-- Your instructions --
Restate the data below word for word, omitting pictures.

[Items from a data source]
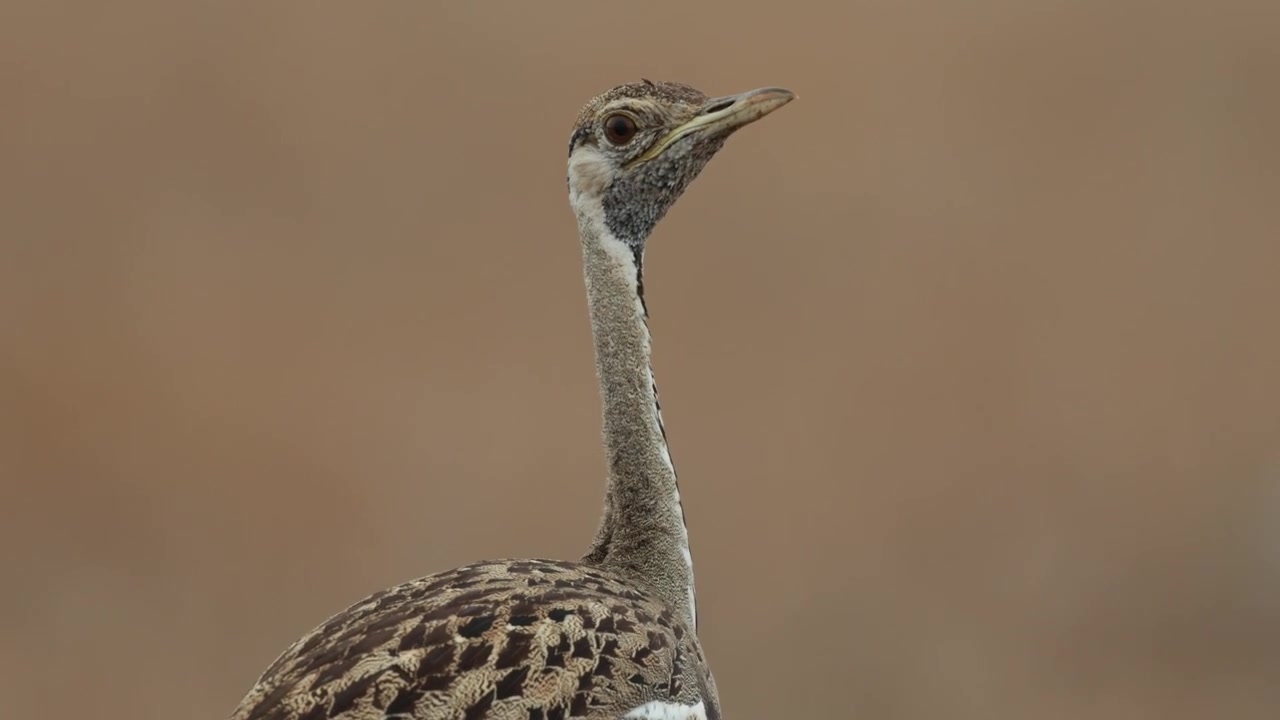 Tangkapan gambar jarak menengah kepala dan leher burung bustard perut hitam saat memutar kepalanya, Taman Nasional Kruger.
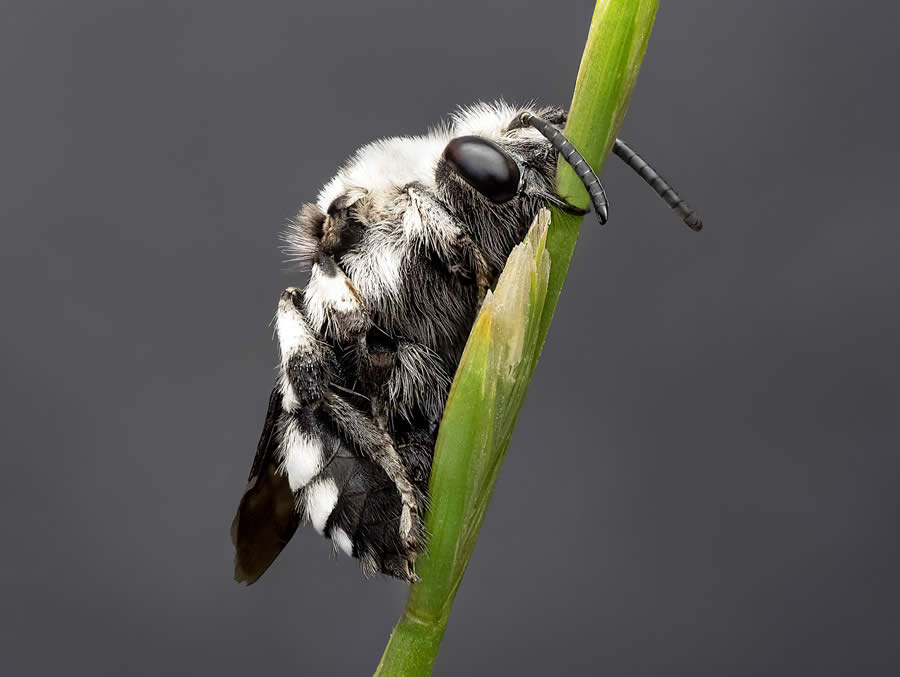 Macro Photography of Insects by Marta Albareda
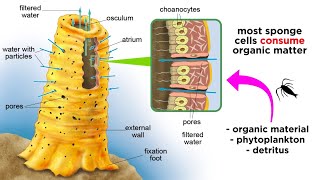 Phylum Porifera Sponges [upl. by Mac]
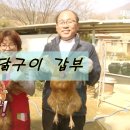 영래농장 티스토리
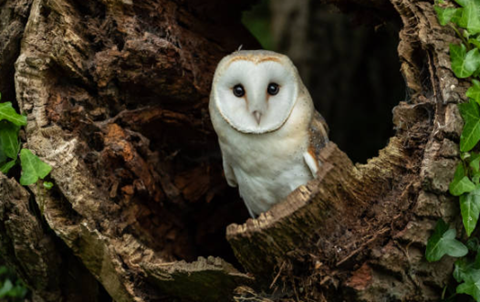Picture of a white faced Barn Owl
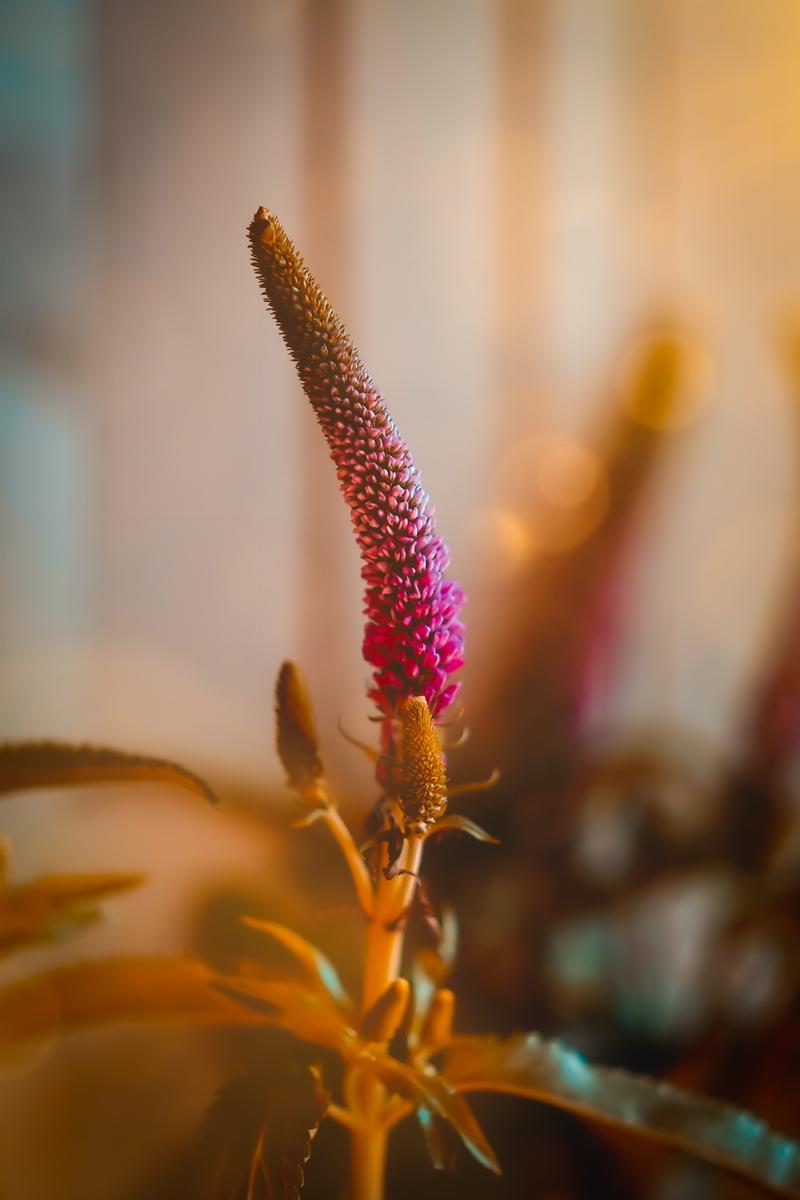 Aftensol Blomst – Unikt Kunstværk til Dit Hjem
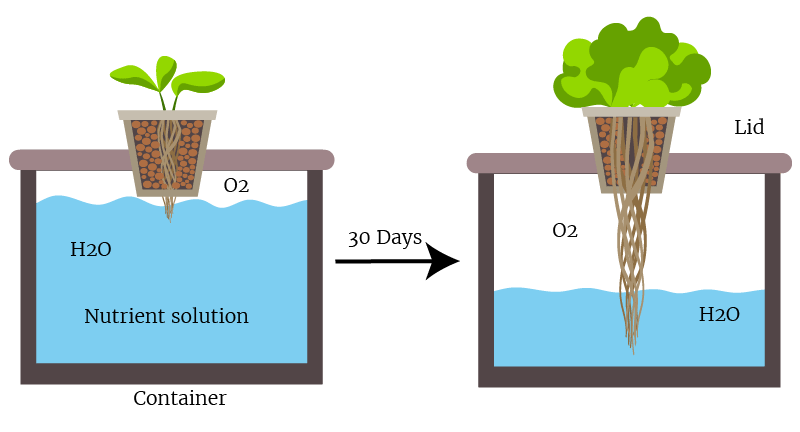 Hydroponics Without Electricity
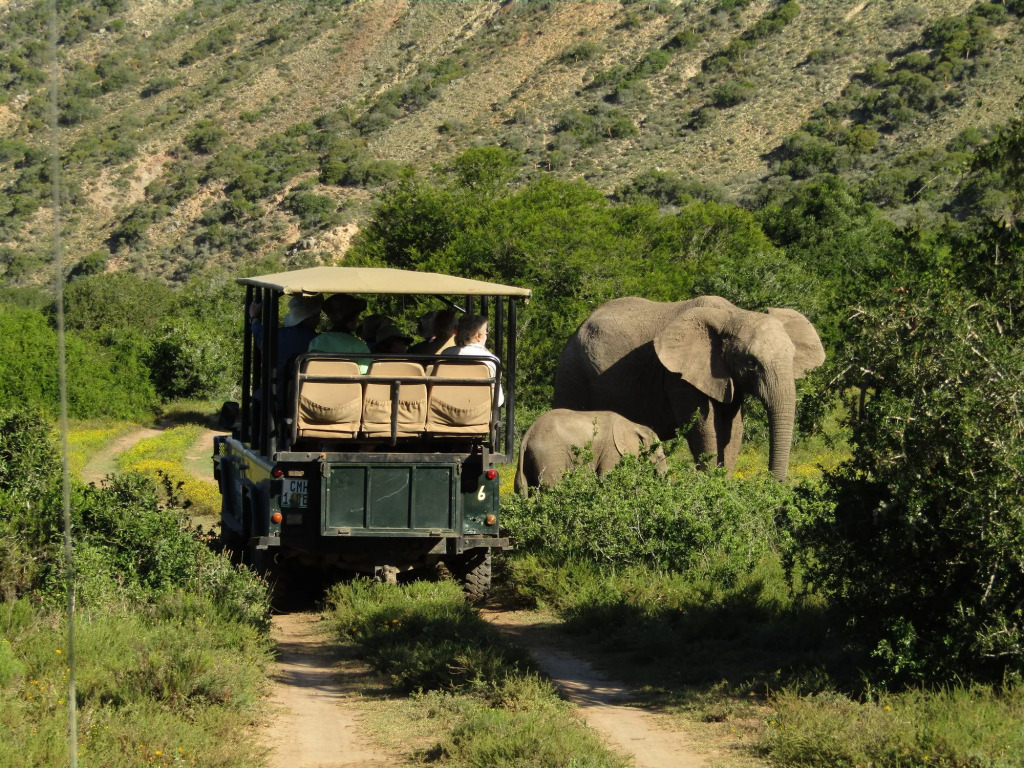 Leeuwenbosch Country House - Amakhala Game Reserve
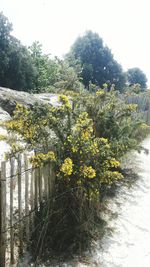 Yellow flowers growing on tree against clear sky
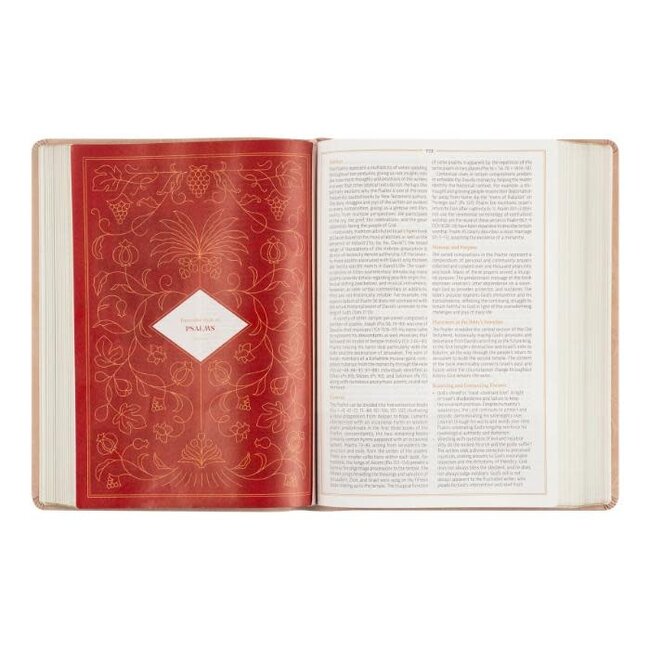 CSB Women's Study Bible Sonora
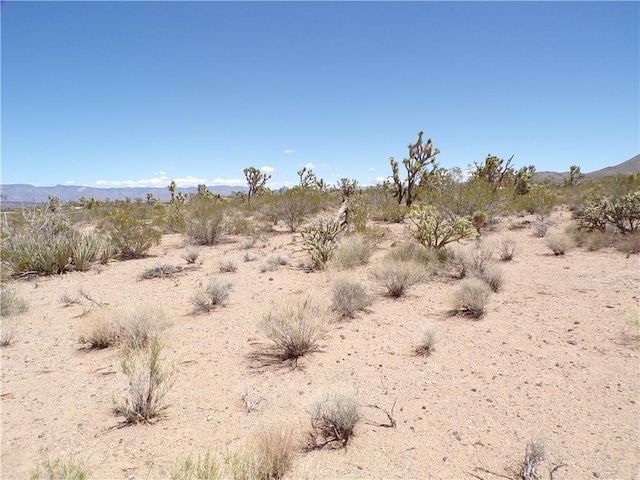 LOT352 N Palo Alto Dr, Dolan Springs, AZ 86441 - photo 11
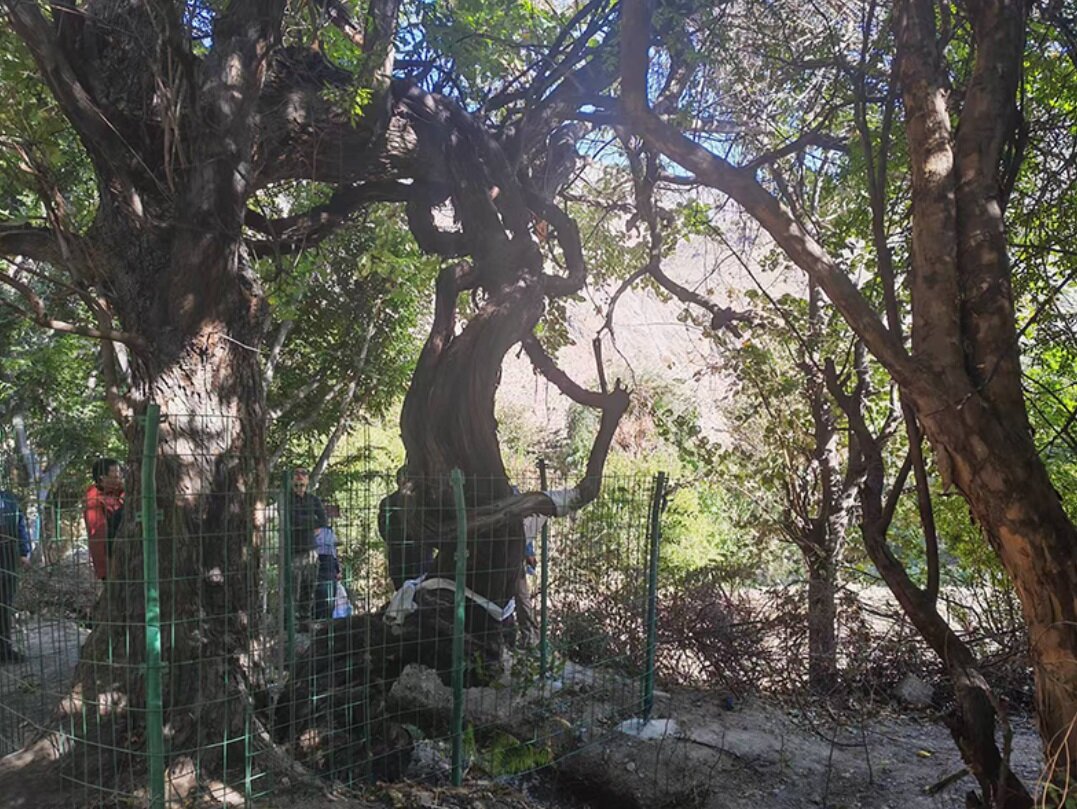 قدیمیترین درخت انگور جهان/ عکس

-- Response to the task --
 Tangkapan gambar jarak menengah kepala dan leher burung bustard perut hitam saat memutar kepalanya, Taman Nasional Kruger.
 Macro Photography of Insects by Marta Albareda
 Phylum Porifera Sponges [upl. by Mac]
 영래농장 티스토리
Picture of a white faced Barn Owl
 Aftensol Blomst – Unikt Kunstværk til Dit Hjem
 Hydroponics Without Electricity
 Leeuwenbosch Country House - Amakhala Game Reserve
 Yellow flowers growing on tree against clear sky
 CSB Women's Study Bible Sonora
 LOT352 N Palo Alto Dr, Dolan Springs, AZ 86441 - photo 11
 قدیمیترین درخت انگور جهان/ عکس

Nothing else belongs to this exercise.